Here, I’ll do my best to set the record straight as succinctly as possible:  

  1. Saturated fat is not bad for you. It’s a highly stable, traditional fat that’s critical for making hormones, building healthy cell membranes, and maintaining bone health. Because it has no double bonds in its structure, it’s far less likely to become oxidized when cooking, e.g. it won’t promote free radicals in your food.  And most importantly, there is just no evidence that saturated fat leads to heart disease. Truly. This myth is simply the result of some very poor research in the early 1900s, and a lot of financial influence from the sugar industry. In fact, a recent systematic review showed no association between saturated fat intake and all-cause mortality, coronary heart disease (CHD), CHD mortality, ischaemic stroke, type 2 diabetes. Check out these articles by Chris Masterjohn and John Briffa to learn more. 

  2. Vegetable oils are. “Vegetable oils,” aka industrial seed oils, have a creepy history. Until the early 1900s, food was primarily cooked in butter, tallow and lard. Then the soap makers Procter & Gamble discovered they could turn an industrial waste product, cottonseed oil, into a substance that resembled lard, by adding hydrogen. It worked for soap, and they figured it should work well for cooking, too. The world’s first trans fat, Crisco, was born. Canola, soy, corn, and safflower oils followed soon after--the perfect “heart healthy vegetable” alternatives to the animal fat. The problem is, these oils go through some pretty nasty processing on their journey from seeds to grocery store shelves. Extreme heat, chemical solvents, deodorizing agents...all of which turn unstable fats into oxidized, inflammatory, toxic food products. Not surprisingly, as more and more people turned to vegetable oils, inflammatory diseases like CVD began to rise

  3. Healthy fats come from obvious sources. A general rule of thumb: the less processed the fat, the less likely it is to be poison. Trans fats like Crisco and margarine are the most deadly, and thank god they’re finally been banned from the US food system. In contrast, oils from naturally fatty things like olives, coconuts and avocados require minimal processing and pose no threat to human health.

  4. What you do with the fat matters. A fat’s “stability” refers to its ability to withstand heat and light without oxidizing. Saturated fats like coconut oil, tallow, and ghee are highly stable and great for cooking at high temperatures. Avocado oil (which is mostly monounsaturated, if you’re still wary of saturated fats) has the highest smoke point of all, and it should be your go-to for searing or grilling meat. Extra virgin olive oil, nutritional powerhouse as it may be, is incredibly fragile and should only be used for cold preparations or very light, quick sauteing. Store extra virgin olive oil away from the stove, and only buy it if it’s in a dark colored bottle to protect it from light. 
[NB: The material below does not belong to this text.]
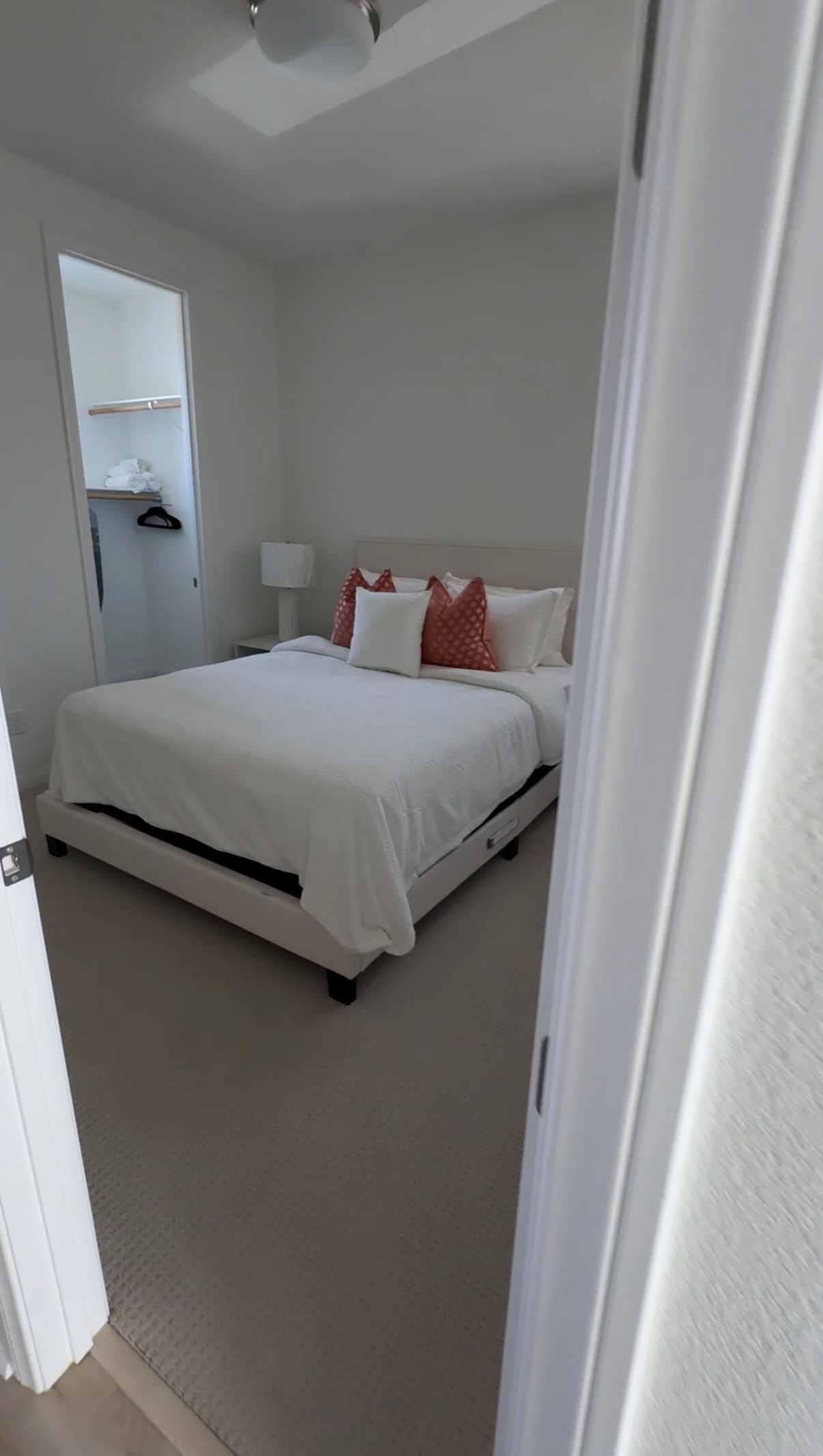 Airbnb bedroom with white linens and red pillows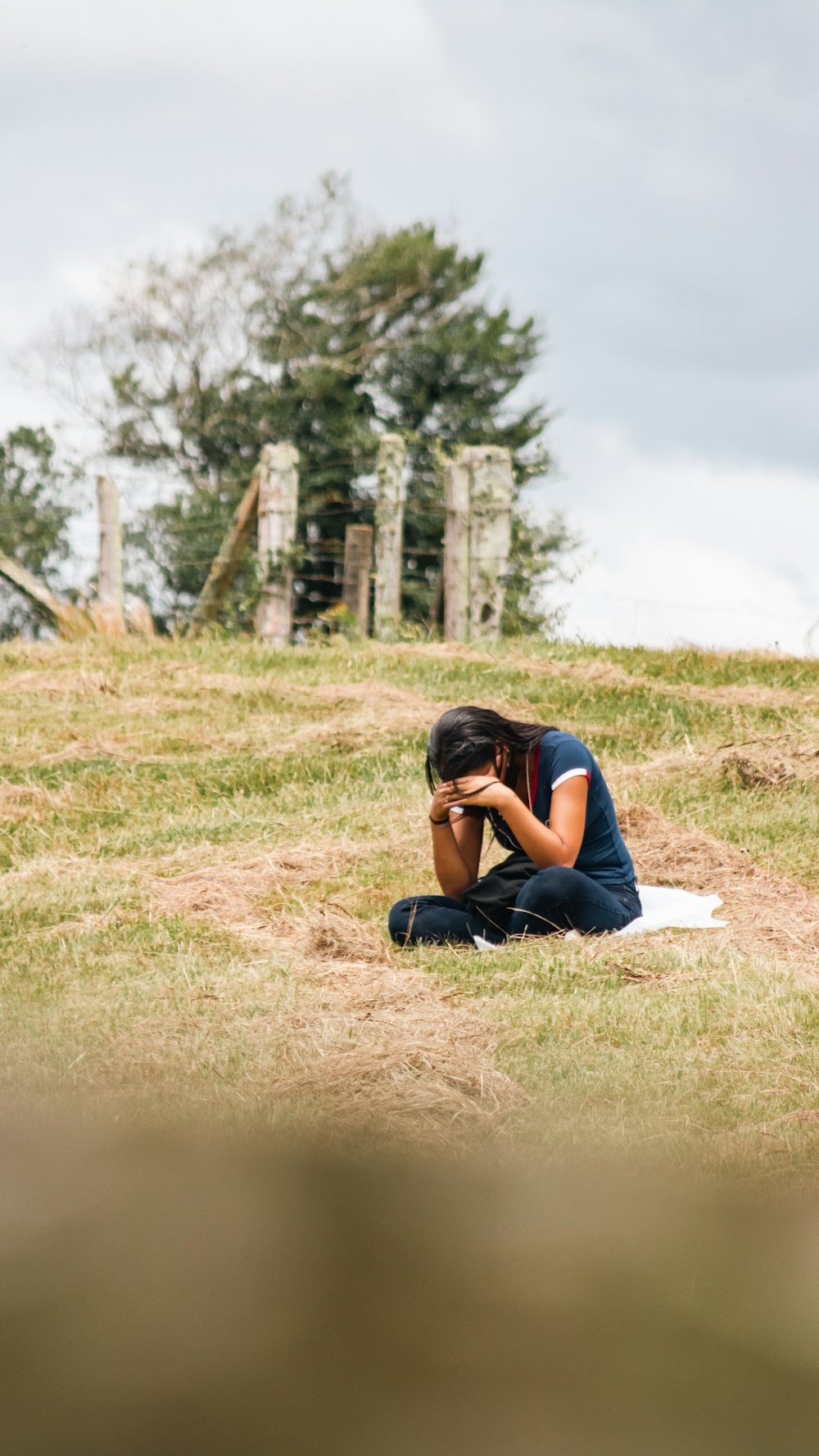 a woman sitting on the ground with her head in her hands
  5. We need to be eating more omega-3. Omega-3 fatty acids from fish and algae are anti-inflammatory superfoods that will protect you from heart disease, cancer, depression, and metabolic syndrome. This is in direct contrast to omega-6 fatty acids, which are pro-inflammatory and increase your risk of chronic disease. Where do we get omega-6? You guessed it, vegetable oils (and the processed foods that contain them).  Ancestral diets contained an omega-3 to omega-6 ratio of 1:4. Today’s modern diet contains a whopping 1:16 ratio of the good guys vs the bad. Importantly, the omega-3 that comes from plants like chia and flax does not convert well to the specific fatty acids the body needs (DHA & EPA). Opt for fatty fish, fish oil or algae oil to reap the benefits in a meaningful way. 


I hope this clears up some confusion about the fats you should be savoring in your healthy, nourishing diet. If you’re still unclear on any of the above, feel free to shoot me an email and I’ll happily expand on any of the above! 


TLDR: Cook with coconut oil, avocado oil, pasture raised tallow/lard, and grass-fed ghee. Use extra virgin olive oil for cold things. Eat more fatty fish and fewer processed foods.